• [What you need to do]: Retype word for word the stretch of entries below from the line that has "2023 Toyota Corolla - Photo 30" through the line that has "Erootiline videovestlus lustylexxy", and omit the pictures.
[Record excerpts — start]
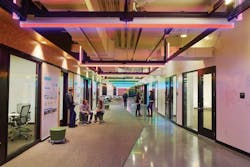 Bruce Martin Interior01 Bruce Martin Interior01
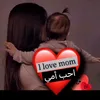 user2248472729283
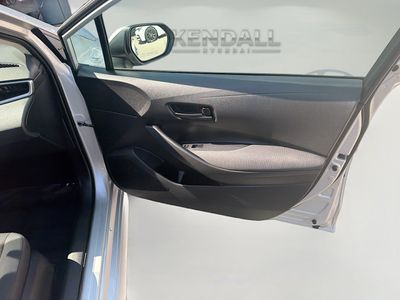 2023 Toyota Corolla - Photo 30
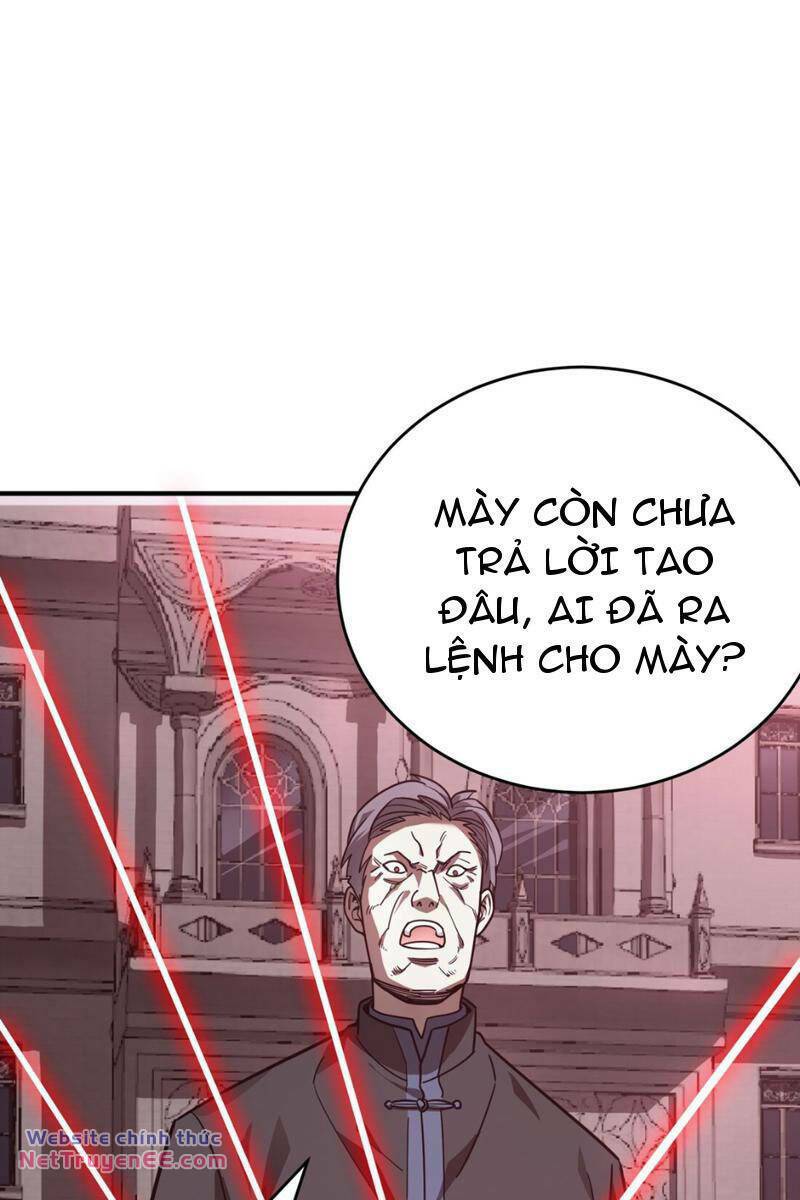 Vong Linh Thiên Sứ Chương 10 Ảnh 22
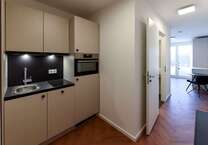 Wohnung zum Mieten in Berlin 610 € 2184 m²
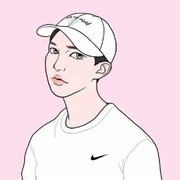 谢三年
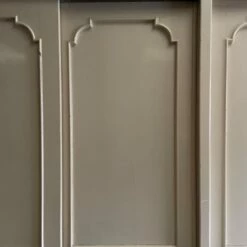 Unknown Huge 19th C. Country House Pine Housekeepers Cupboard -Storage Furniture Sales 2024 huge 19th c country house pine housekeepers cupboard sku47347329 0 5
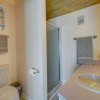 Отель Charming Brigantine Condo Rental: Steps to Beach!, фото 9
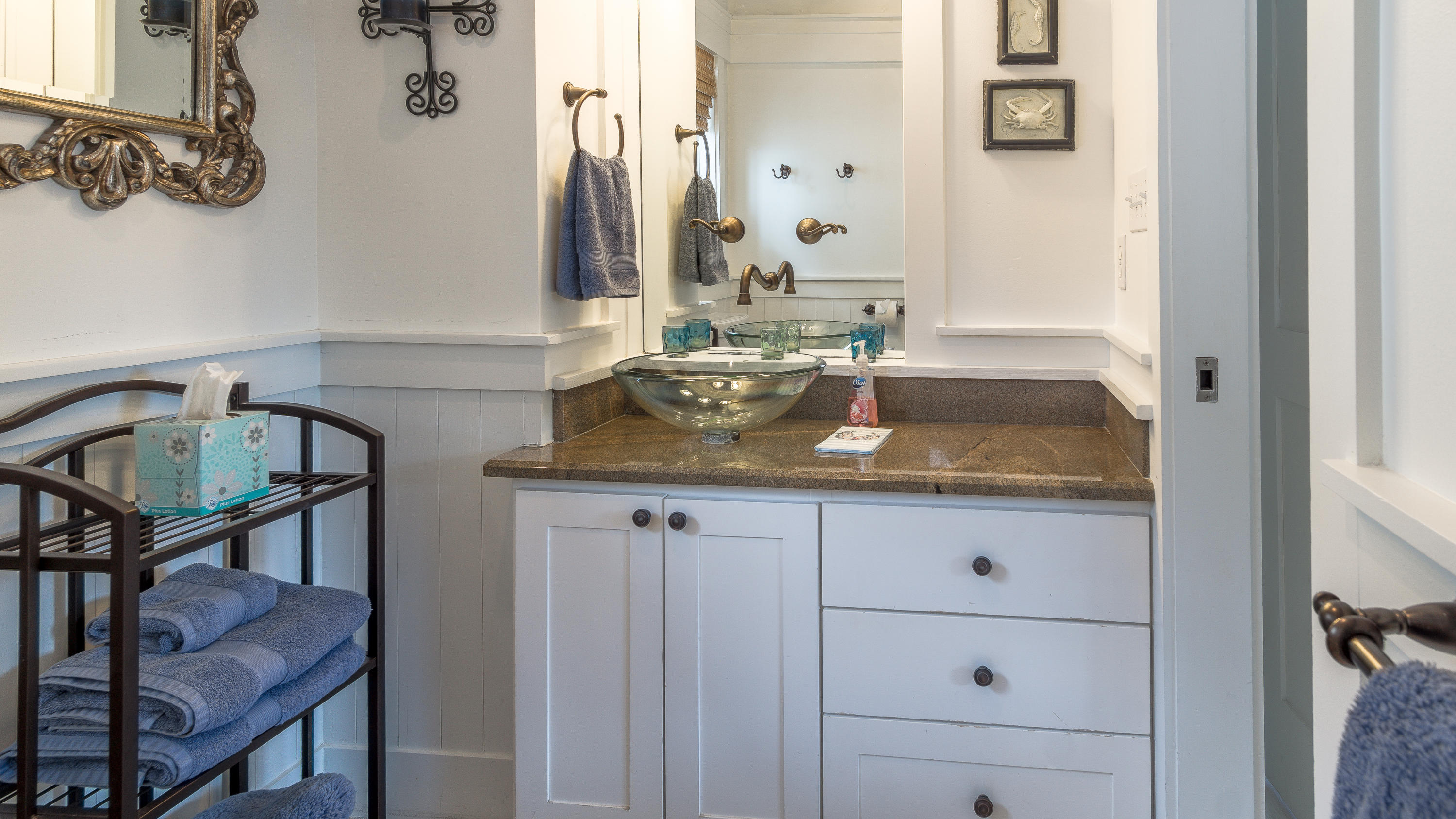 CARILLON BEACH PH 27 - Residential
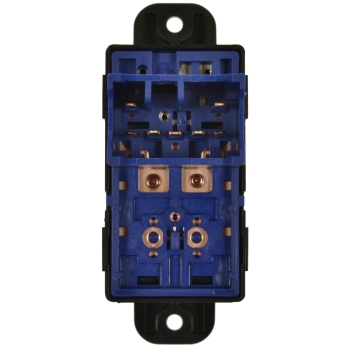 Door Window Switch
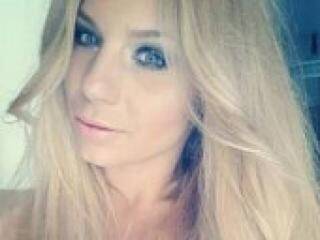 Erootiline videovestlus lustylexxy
[Record excerpts — finish]
[Record excerpts — start]
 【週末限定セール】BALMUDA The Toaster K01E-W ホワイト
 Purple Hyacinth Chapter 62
[Record excerpts — finish]
[Record excerpts — start]
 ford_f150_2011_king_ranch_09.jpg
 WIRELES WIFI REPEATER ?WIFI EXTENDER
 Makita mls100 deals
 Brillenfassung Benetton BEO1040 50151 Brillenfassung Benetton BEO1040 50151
[Record excerpts — finish]
• [Written reply]:
 2023 Toyota Corolla - Photo 30
 Vong Linh Thiên Sứ Chương 10 Ảnh 22
 Wohnung zum Mieten in Berlin 610 € 2184 m²
 谢三年
 Unknown Huge 19th C. Country House Pine Housekeepers Cupboard -Storage Furniture Sales 2024 huge 19th c country house pine housekeepers cupboard sku47347329 0 5
 Отель Charming Brigantine Condo Rental: Steps to Beach!, фото 9
 CARILLON BEACH PH 27 - Residential
 Door Window Switch
 Erootiline videovestlus lustylexxy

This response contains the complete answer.